Lisa spoke of a project that she did with her pre-calculus students. She used excel to simulate retirement savings, house savings, and credit card payments. It was interesting, because even she admitted to not being an expert at working with excel. Sometimes things didn't go as planned as she was presenting the project she ran with her students- but that was realistic. Most of us aren't excel experts- that is why we were there- and most likely even if you are something won't go as planned. But Lisa practiced what she preached and just got up there and gave it her best, and ultimately the power of a spread sheet came across loud and clear. This exercise would work well in a unit on exponential functions, or just generally anywhere as a break from the normal textbook. Many other mathematical concepts could be tied in. Lisa illustrated step by step procedures and reasoning for demonstrating different ages to save and various interest rates. These are simulations that her students found to be exceptionally valuable and applicable. I agree, right after the conference was over I went back and ran the excel spreadsheet for house payments- this is most certainly authentic math. The technology of excel, in this case, allowed a teacher to adhere to the goals of the new standards and make interdisciplinary connections. I will use this in my classroom.

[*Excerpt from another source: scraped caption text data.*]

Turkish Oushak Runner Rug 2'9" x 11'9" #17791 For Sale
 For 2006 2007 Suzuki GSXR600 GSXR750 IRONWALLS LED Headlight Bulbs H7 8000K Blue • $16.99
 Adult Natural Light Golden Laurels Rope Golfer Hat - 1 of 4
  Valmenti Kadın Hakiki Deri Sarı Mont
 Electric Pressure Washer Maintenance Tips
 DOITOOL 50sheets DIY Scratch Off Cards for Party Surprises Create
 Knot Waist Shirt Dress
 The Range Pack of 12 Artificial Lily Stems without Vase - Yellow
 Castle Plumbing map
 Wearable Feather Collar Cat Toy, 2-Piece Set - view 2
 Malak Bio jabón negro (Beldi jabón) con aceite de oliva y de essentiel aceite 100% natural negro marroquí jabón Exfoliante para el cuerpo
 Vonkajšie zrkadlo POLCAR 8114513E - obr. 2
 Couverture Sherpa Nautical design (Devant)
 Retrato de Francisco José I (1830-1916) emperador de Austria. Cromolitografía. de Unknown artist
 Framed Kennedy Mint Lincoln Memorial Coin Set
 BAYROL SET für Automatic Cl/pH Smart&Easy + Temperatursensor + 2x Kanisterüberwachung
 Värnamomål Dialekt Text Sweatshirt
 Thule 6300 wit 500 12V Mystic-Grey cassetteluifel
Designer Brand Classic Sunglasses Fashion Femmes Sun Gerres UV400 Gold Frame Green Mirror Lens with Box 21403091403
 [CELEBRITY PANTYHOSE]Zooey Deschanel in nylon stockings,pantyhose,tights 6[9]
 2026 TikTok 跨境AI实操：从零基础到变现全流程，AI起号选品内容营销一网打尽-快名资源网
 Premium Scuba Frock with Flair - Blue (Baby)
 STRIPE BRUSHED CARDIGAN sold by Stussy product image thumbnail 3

**Keywords:** Connections, Representations, Standards

**Ref: **Marit14

**Author(s): **Bright, Christine

** Date: **2006

**Title: ***"Arts and Math Connect" *

**Journal or Publisher: **MCTM conference

**Volume, Issue, Pages: **St. Francis School District- St. Francis,
MN

**Reviewer: **Marit

**Date of Review: **April 26th, 2006

Christine Bright began speaking, at the MCTM conference in Duluth on how "Arts and Math Connect" by telling a story. In her theatrical voice she spoke of a student and his master. The student helped a butterfly come out of it's cocoon, but when it emerged as a butterfly it couldn't fly. The student was upset and asked his master what he had done wrong. The master replied that he had helped it too much. Ms. Bright compared this story to standard based education emphasizing the importance of allowing students to construct meaning. Christine Bright continued by encouraging educators to share math as a passion and to support students who take risks by establishing a safe environment first. She continued by speaking more generally to good education practices. Though very meaningful, this part of her talk should not have been so extensive because teachers were there for connecting math to art ideas. Bright's advise to engage more of student's senses while doing math is valuable. This way, she explained, more students may be reached. Students also benefit from sensory stimulation further because it allows them to relate to each other on a higher level through discovery. Some of the best examples she gave for connecting the arts were geared towards middle and elementary classrooms, but I believe that they could be applied to the upper grades. Examples include: math plays, stories, whole body representation of abstract concepts, and art projects using geometric shapes and patterns.

**Keywords:** Assessment.

**Ref: **Marit15

**Author(s): **Garnett, Cynthia

** Date: **February 1992

**Title: ***Teaching- Do not Disturb? A Concerned Parent's View
of Testing
*

**Journal or Publisher: **NCTM

**Volume, Issue, Pages: **Arithmetic Teacher, February, 35-37

**Reviewer: **Marit

**Date of Review: **May 1, 2006

This article discusses assessment from the perspective of a
concerned mother. The writer
is mother of a seven and five year old and she discusses the
educational stereotypes her daughters have come to believe in as seen
through their play and story writing. It is interesting to read that
even children that young know that spring time is test time, and that
all teaching and learning stops while students are tested. The writer
goes on to suggest that maybe we should reconsider stopping learning
for assessment. After all, what have we really learned from basic
skills testing? I can see her point, but the article frustrated me
because though skills testing is not perfect, it has to be done in some
way. Hopefully someday we will find the way that works for
everyone… but I guess that day is a long ways off.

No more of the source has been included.